This lecture was delivered by Professor Scott Veitch (The University of Hong Kong) and was organised and chaired by Dr Maks Del Mar (Queen Mary)
‘The figure of a bond binding the person obligated … haunts much of legal thought’, wrote HLA Hart. This lecture is about that haunting. It seeks to trace lineages and contemporary presences of this spectral figure, a figure that remains, despite Hart’s provocation, under-examined in jurisprudential writings. To do this, it is necessary to consider the multiple settings in which the ‘figure of a bond’ that binds people – and people to things, ideas and institutions – appears. If this figure was for a long time central to religion and politics, and was taken up as a key theme in sociology and anthropology, examining its mutations, underpinnings, and hybrid operations in the juridical realm invites a re-assessment of the predominance that rights have gained in today’s legal and political imaginary.

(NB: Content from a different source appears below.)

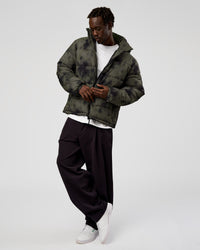 Man wearing Base Puffer Jacket - Camo Washed Walnut Grey | Model:Okello | Size:L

But Hart was only partly right. For what also haunts much of legal thought, as it likewise haunts those other forms of practice and enquiry, is another figure, its close relation perhaps, but really its opposite, its double: the figure of the unbound person. The idea of a lack of ‘a bond binding the person’ marks in many ways the resolve and limit of regulatory activity, whether in religion, politics, morality or law. Addressing this double theme, this lecture takes its inspiration from sociological jurisprudence to explore what can be seen differently when starting from the perspective of what might aptly be called an ‘obligations critique’.

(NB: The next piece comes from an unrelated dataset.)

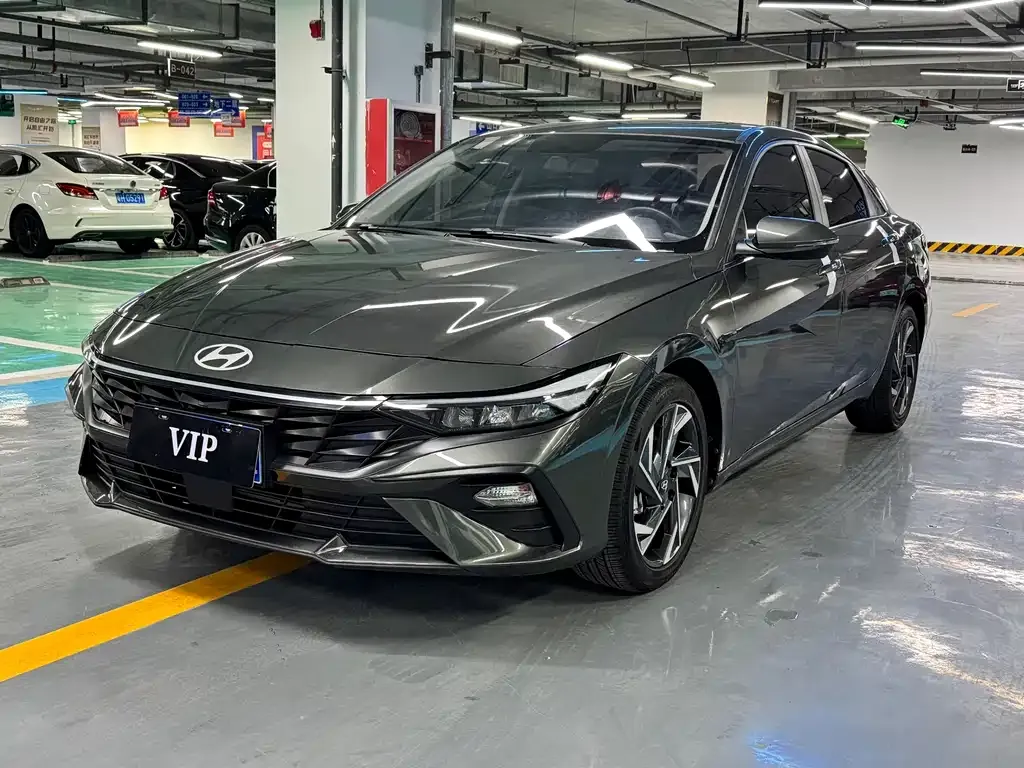 Hyundai Elantra — фото 1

Scott Veitch is the Paul KC Chung Professor in Jurisprudence at the University of Hong Kong. Before that, he was Professor of Jurisprudence at the University of Glasgow. His published work includes Moral Conflict and Legal Reasoning, Law and Irresponsibility, Jurisprudence: Themes and Concepts (3rd edition with E Christodoulidis and M Goldoni), and the recent collection (co-edited with D Matthews), Law, Obligation, Community.